MLB concluded that the individual wasn’t stealing signs from the Red Sox, and that he was monitoring the Red Sox before his removal by Fenway Park security in the third inning of Saturday’s Game 1 of the ALCS to ensure that Boston wasn’t using technology to gain a competitive advantage. Astros general manager Jeff Luhnow said that Houston scrutinizes other teams in their home parks as a standard operating procedure.
“We were playing defense; we were not playing offense. We wanted to assure a level playing field,” Luhnow said. “When we go into an opposing ballpark, we tend to look around and make sure that we don’t see any suspicious activity.
“We’ve been doing that as a matter of course for a while. Every once in a while . . . we reported it to MLB and we looked into it ourselves on certain cases and certain instances. We feel like it’s a value-added thing for us to do. That being said, MLB would prefer that we don’t look into it ourselves, that if we see something suspicious we relay it to them. And we’re going to abide by that going forward.”
Luhnow said the Astros had no specific concern about the Red Sox or Fenway Park.
“Everything was fine as far as we could tell,” he said. “[There was] no particular concern at Fenway Park. It’s the ALCS, so these games matter a lot.”
Even with that disclaimer by Luhnow, Dombrowski took issue with both the Astros’ implication that they had been unaware they were doing anything wrong prior to MLB’s investigation and with Luhnow’s claim that the Astros felt compelled to track the behavior of other teams.
As such, when asked if he was satisfied with the resolution of MLB’s investigation, Dombrowski expressed mixed feelings.
“Yes, I do not think that person in the camera well was stealing signs, so I understand that was resolved. No, in the sense that, first of all, there was a violation. A person was in a credential box that shouldn’t have been there. He wasn’t supposed to be there,” said Dombrowski. “Secondly, I don’t like the implication that the Boston Red Sox were doing anything illegal. And so, I don’t think that the issue is actually closed for Major League Baseball from what I’ve been advised from the Commissioner’s Office. So there’s a lot more steps that are attached to this. So yes, I think it’s partially closed, but I don’t think it’s all the way closed.”
Dombrowski, who noted that the Red Sox were fined by MLB in 2017 for the illegal use of a Fitbit in the dugout as part of a sign-stealing operation, said that even if the Astros were merely trying to play defense, they were engaging in behavior that already had been clearly defined as unacceptable.
“That person was told in the other series against Cleveland that he should not be in there, and yet he went back in there . . . The person is not an employee of the Houston Astros.
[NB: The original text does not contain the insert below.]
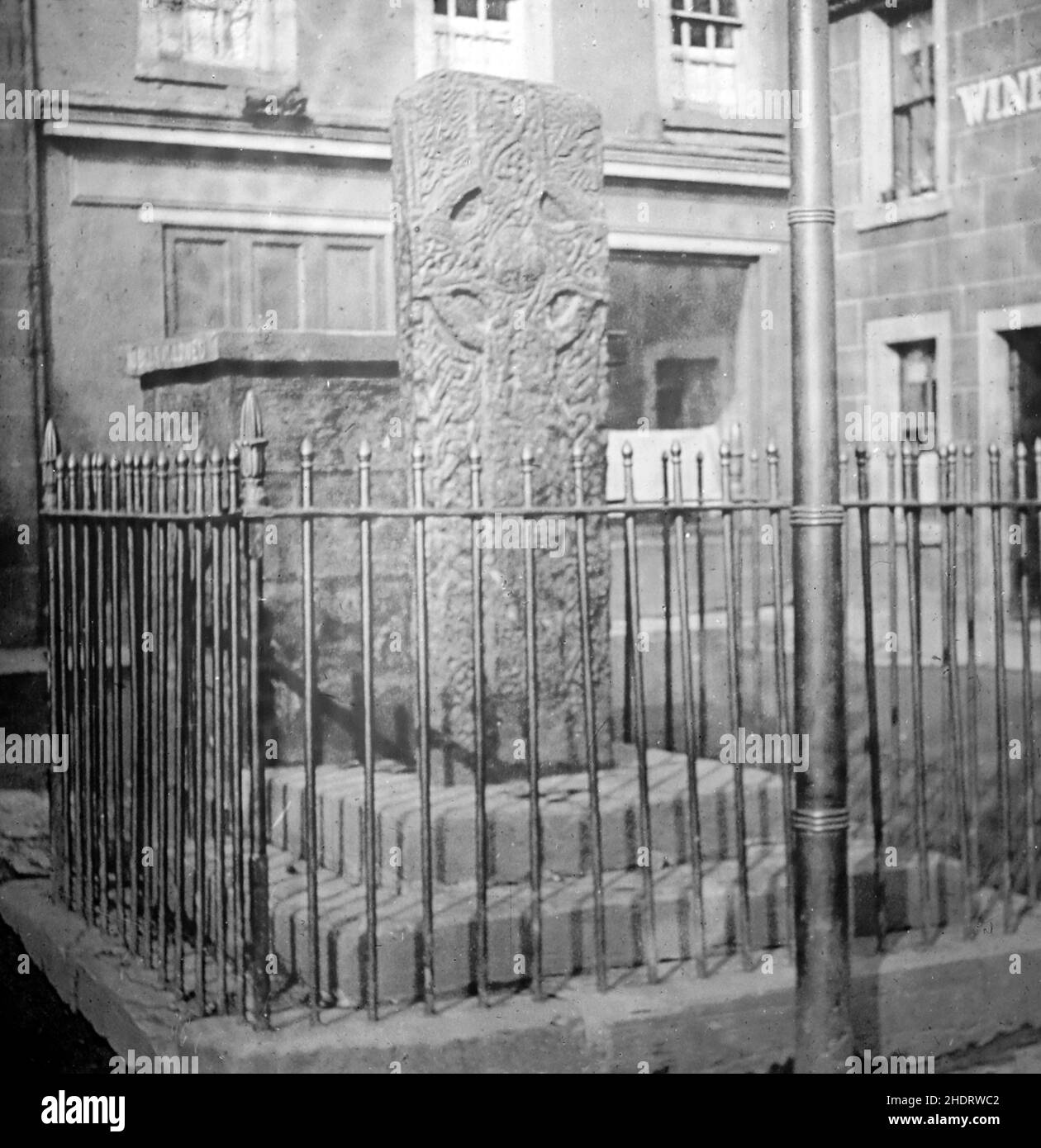 Runenkreuz von Crieff, Schottland, Anfang 1900s Stockfoto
That person was not supposed to be a credentialed person in that box. I know that for a fact. It’s a bad thing to put it upon our lap for me,” said Dombrowski. “So to me, when they say they’re doing this to protect themselves, they’re also not listening to authorities from above. I again don’t like the implication that we’re doing anything wrong.
“[The Astros] can do whatever they would like. It’s not my job to run their organization. But I don’t like the implication that we were doing something wrong.”
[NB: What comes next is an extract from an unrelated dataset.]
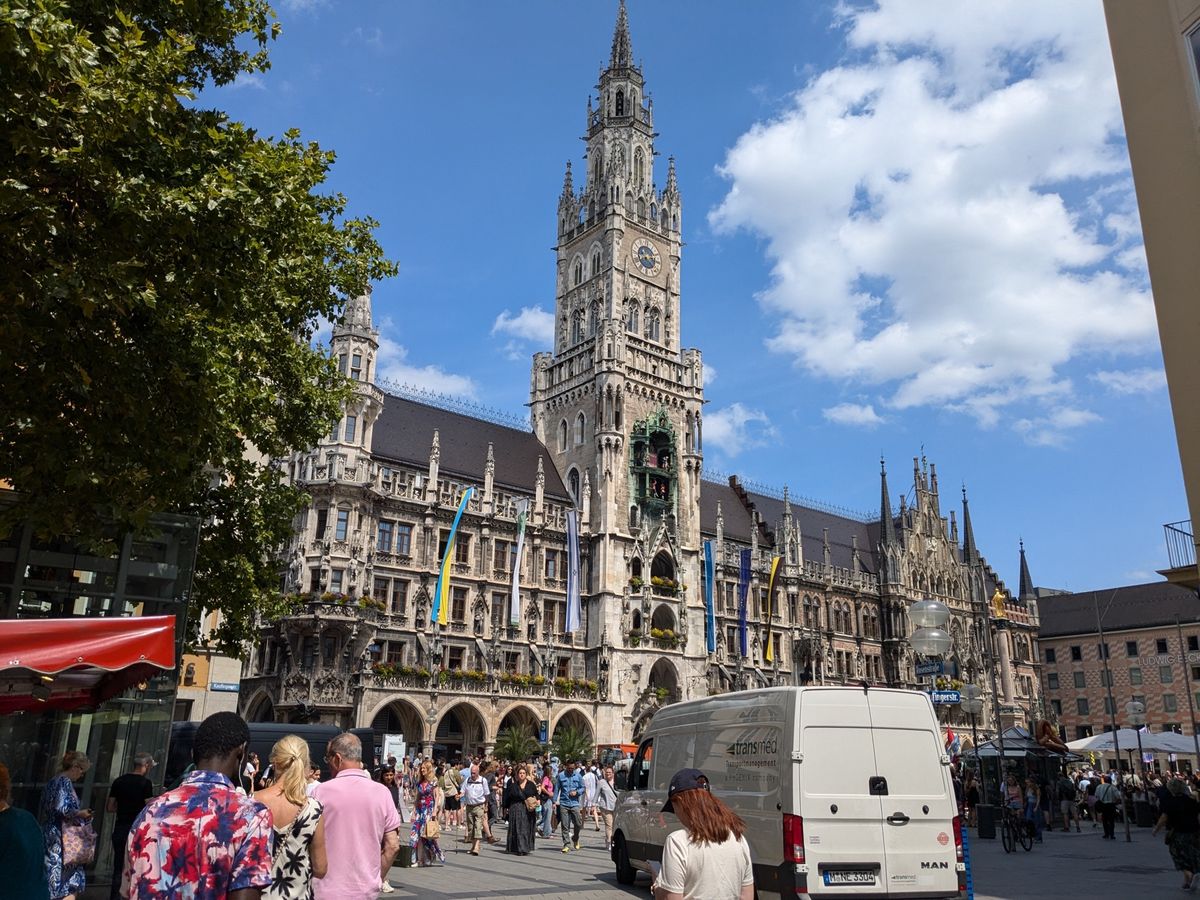 ノイシュバンシュタイン城、ミュンヘン市庁舎、フランクフルト等を観光。画像は...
According to an industry source, the investigation into the specific behavior of the individual at Fenway Park was indeed closed from a fact-finding standpoint. But the Commissioner’s Office still could punish the Astros for the inappropriate use of video equipment. Such a determination, however, likely wouldn’t come before the offseason.
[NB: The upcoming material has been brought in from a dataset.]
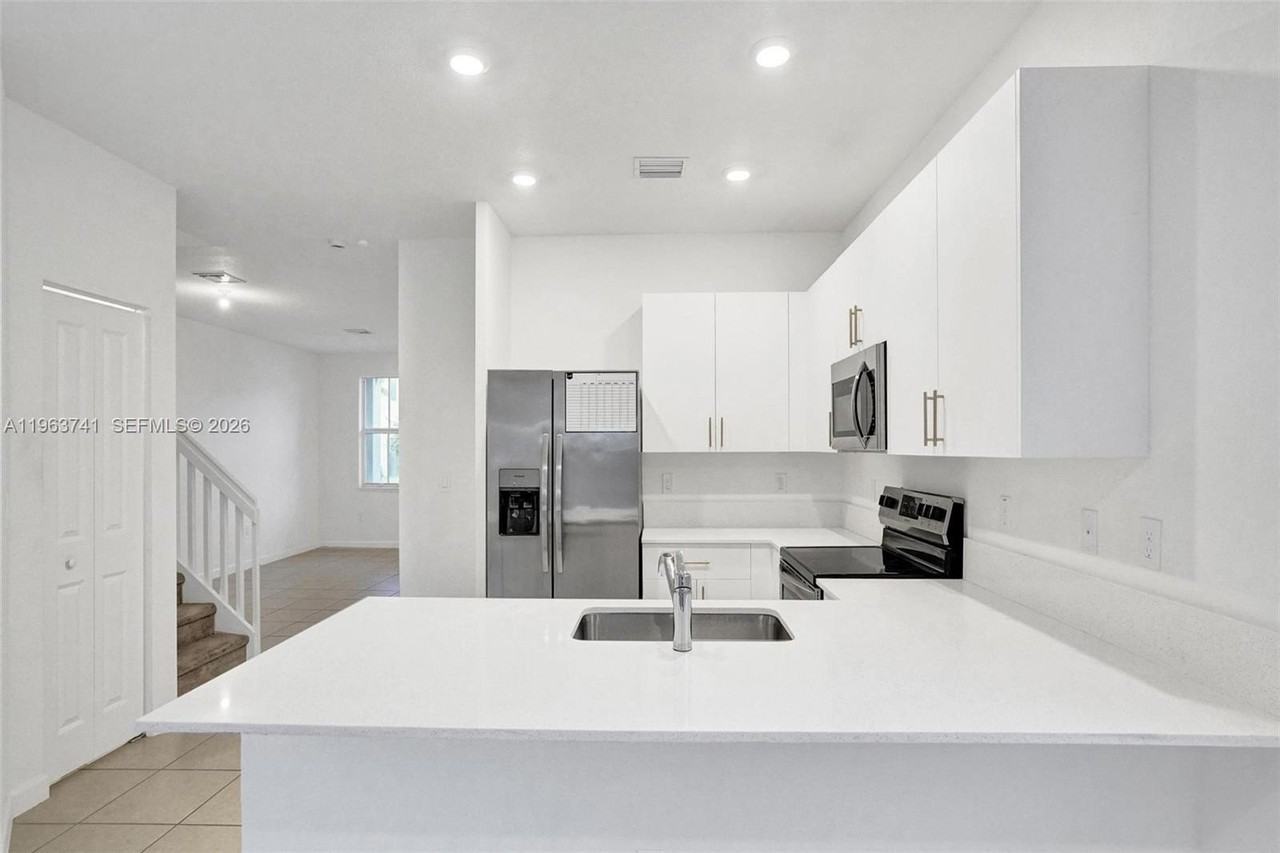 11920 Nw 47th Mnr - Photo 6 of 30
While any punishment remains uncertain, there is no doubt that the subject of teams’ use of technology for inappropriate purposes — whether sign-stealing, swiping scouting reports, or other applications — will be a topic of conversation at the GM meetings and in the Commissioner’s Office this winter.
At this point, the topic is unavoidable. The explosion of available video feeds in the ballpark under current replay rules has fueled what numerous evaluators describe as a culture of paranoia about the practices of teams.
That culture, in turn, has forced teams to engage in countermeasures, including ever more complicated — and deliberate — signals between pitchers and catchers as well as the coaches and the field, something that can impact both the pace and quality of play. At the same time, national conversations about whether teams are engaged in inappropriate behavior are distracting from conversations about the playoff competition for the second straight year.
“There’s some unintended consequences that come with the advancement of technology. And I certainly think it’s a league-wide conversation that needs to happen in time,” said Astros manager A.J. Hinch. “I mean, it’s happening right now during a really important series and I just think it’s bigger than us.
“It’s bigger than any team. It’s bigger than any series. It needs to be corralled because of the state of the concern over it . . . When teams are curious about us or we’re curious about other teams, it’s largely a distraction away from the best part of the game, which is on the field with the players.”